Sending binary molecules to the database¶
It seems silly to do the work of processing the mol blocks in the database a second time. Fortunately, we can add the molecules to the database in RDKit's binary form:
conn = psycopg2.connect("dbname=demodb host=localhost")
curs = conn.cursor()
curs.execute('drop table if exists mols')
curs.execute('create table mols (chembl_id text,m mol)')
t1 = time.time()
curs.executemany('insert into mols values (%s,mol_from_pkl(%s))',[(x,y.ToBinary(),) for x,y in zip(nms,ms)])
conn.commit()
t2 = time.time()
print(f" that took {t2-t1 :.2f} seconds")
Retrieving binary molecules from the database¶
What about going the other way: we have binary molecules in the database and want to pull them back into Python to work with them?
conn = psycopg2.connect("dbname=demodb host=localhost")
curs = conn.cursor()
t1 = time.time()
curs.execute('select chembl_id,mol_to_pkl(m) from mols')
tms = [Chem.Mol(x[1].tobytes()) for x in curs.fetchall()]
t2 = time.time()
print(f" that took {t2-t1 :.2f} seconds")
We can, of course, do searches in the database and then pull just the molecules from the search results into Python:
conn = psycopg2.connect("dbname=demodb host=localhost")
curs = conn.cursor()
t1 = time.time()
curs.execute('select chembl_id,mol_to_pkl(m) from mols where m@>mol_from_smarts(%s)',('c1ncn[o,n]1',))
tms = [Chem.Mol(x[1].tobytes()) for x in curs.fetchall()]
t2 = time.time()
print(f" that took {t2-t1 :.2f} seconds and returned {len(tms)} results")
Example 1: adding descriptors to the database¶
The cartridge can calculate a number of molecular descriptors directly, but there are more available in Python. Let's calculate some of those and add them to the database.
We'll pull the binary molecules from the database, calculate BCUT2D descriptors for them, and then add the descriptors to a new database table.
from rdkit.Chem import Descriptors
from rdkit.Chem import rdMolDescriptors
nBCuts = len(rdMolDescriptors.BCUT2D(Chem.MolFromSmiles('c1ccccc1')))
descrdefn = ','.join(f'bcut_{i+1} float' for i in range(nBCuts))

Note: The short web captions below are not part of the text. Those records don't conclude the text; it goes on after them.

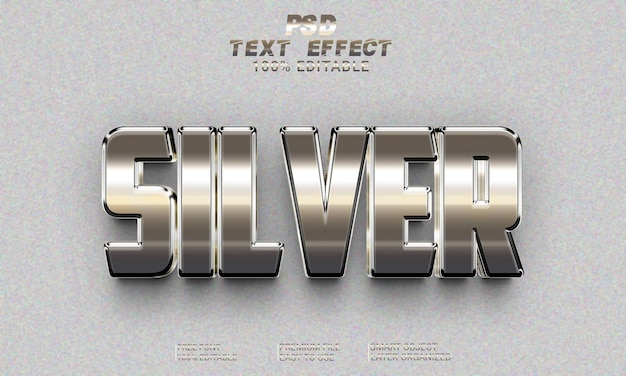 Archivo PSD de efecto de texto 3D plateado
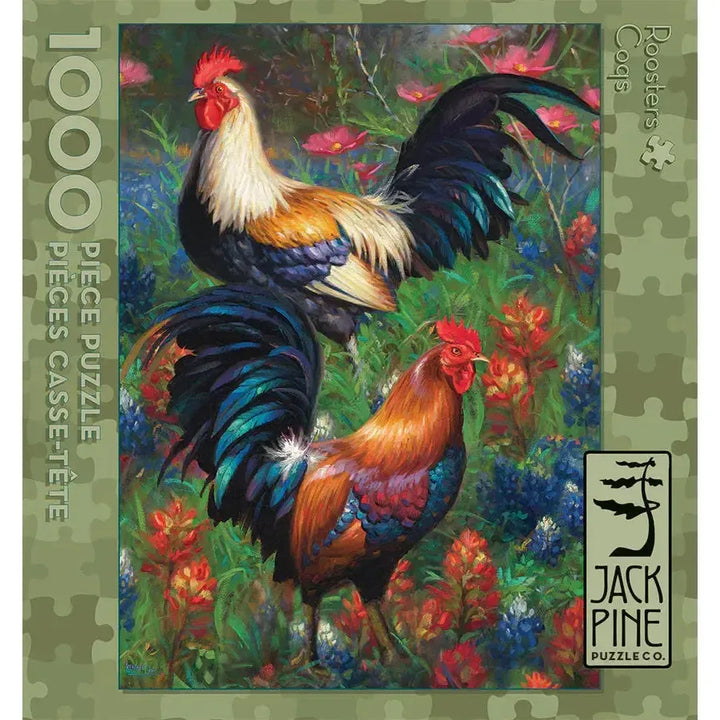 Jack Pine Roosters 1000 Piece Jigsaw Puzzle featuring two colorful roosters with flowers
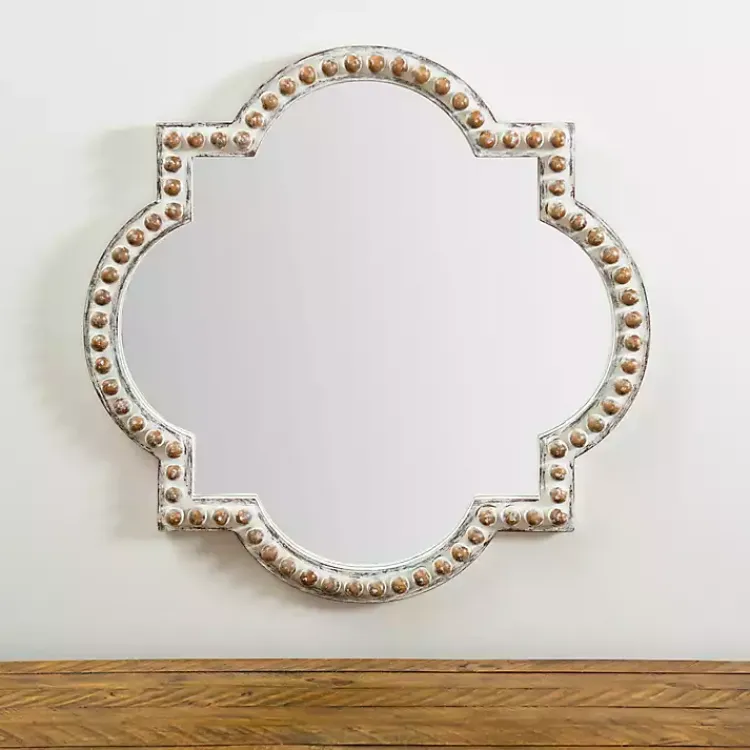 Decorative Mirrors-Kirklands Home White Beaded Quatrefoil Wall Mirror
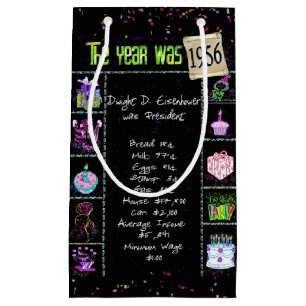 1956 Birth Year Trivia on Black Small Gift Bag
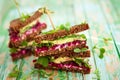 Beet,avocado and arugula sandwich Royalty Free Stock Photo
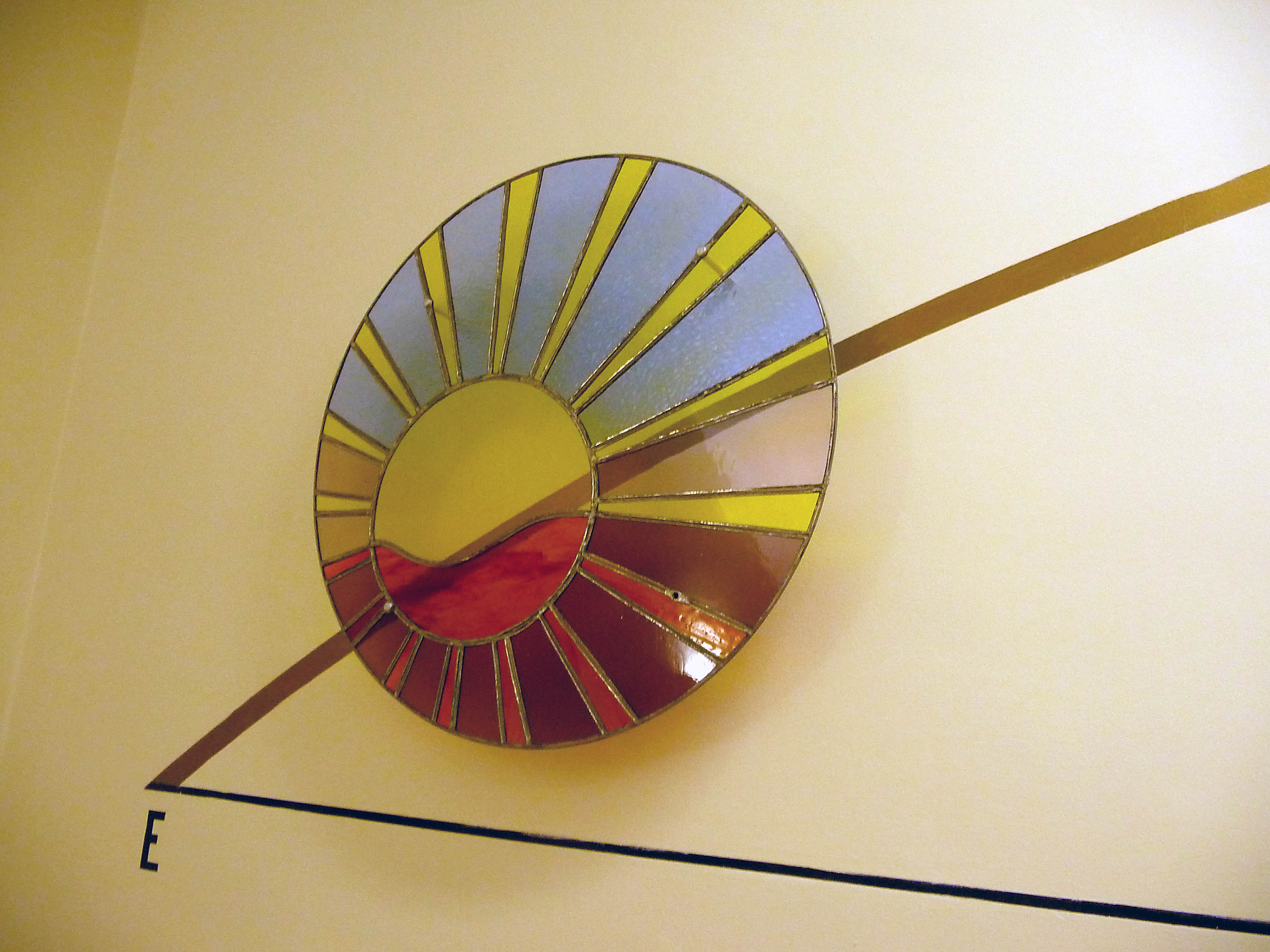 MOTIONS OF THE SUN (SUN RISE), 1998 by Alan Ditman, 1998, foiled stained glass, steel wire, paint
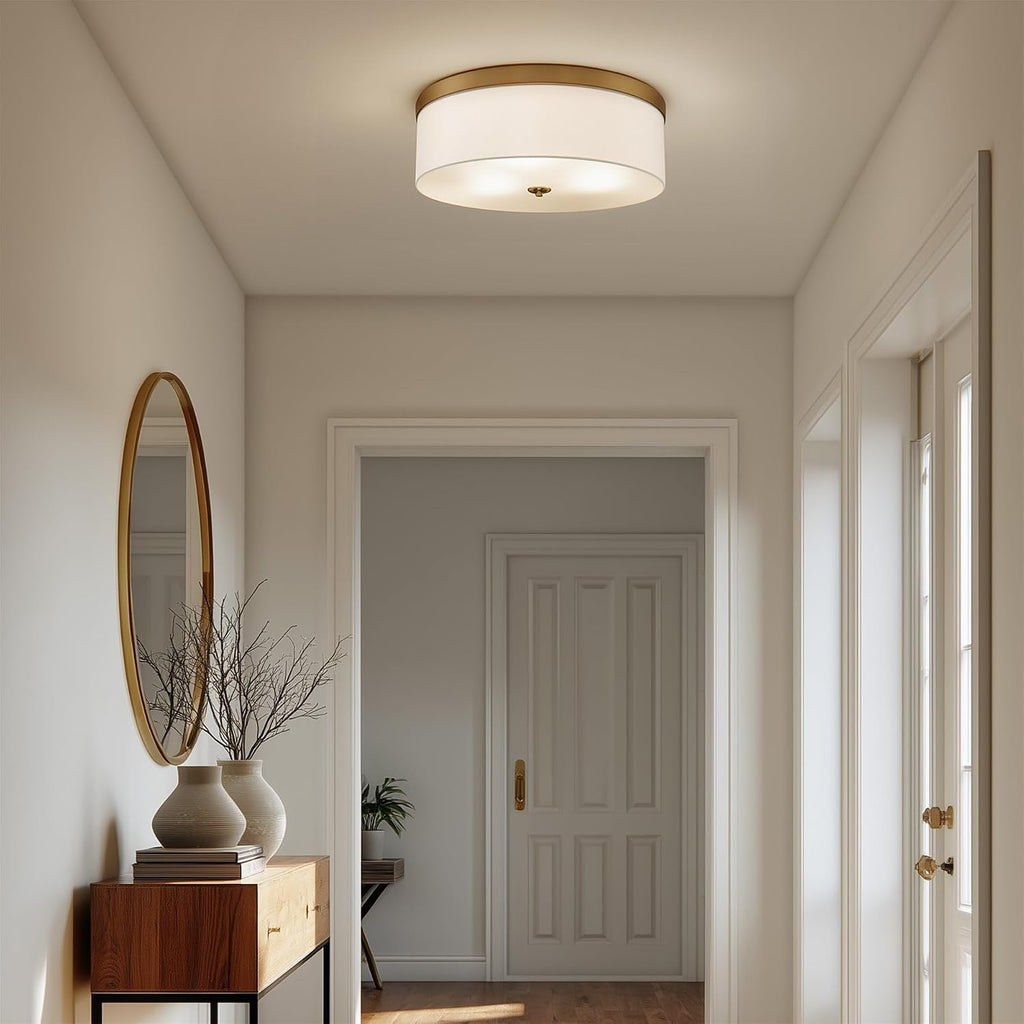 Kira Home Walker 20' Modern Drum Gold Flush Mount Ceiling Light, White Fabric Shade with Frosted Glass Diffuser, 3-Light Large Close to Ceiling Fixture, Cool Brass Finish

descrholder = ','.join(['%s']*nBCuts)
conn = psycopg2.connect("dbname=demodb host=localhost")
curs = conn.cursor()
curs.execute('drop table if exists bcuts')
curs.execute(f'create table bcuts (chembl_id text,{descrdefn})')
curs.execute('select chembl_id,mol_to_pkl(m) from mols')
bcut_data = []
for row in curs.fetchall():
trow = [row[0]]
mol = Chem.Mol(row[1].tobytes())
try:
descrs = rdMolDescriptors.BCUT2D(mol)
except ValueError:
continue
trow.extend(descrs)
bcut_data.append(trow)
cmd = f'insert into bcuts values (%s,{descrholder})'
curs.executemany(cmd,bcut_data)
conn.commit()
Since the bcuts descriptors use partial charges and we don't have parameters for all atom types, some molecules don't have values:
curs.execute('select count(*) from bcuts')
curs.fetchone()
curs.execute('select count(*) from mols')
curs.fetchone()
Example 2: Loading SDF data into the database¶
We loaded the molecules from an SDF, but ignored the data fields in that SDF. Now let's load those into the database too.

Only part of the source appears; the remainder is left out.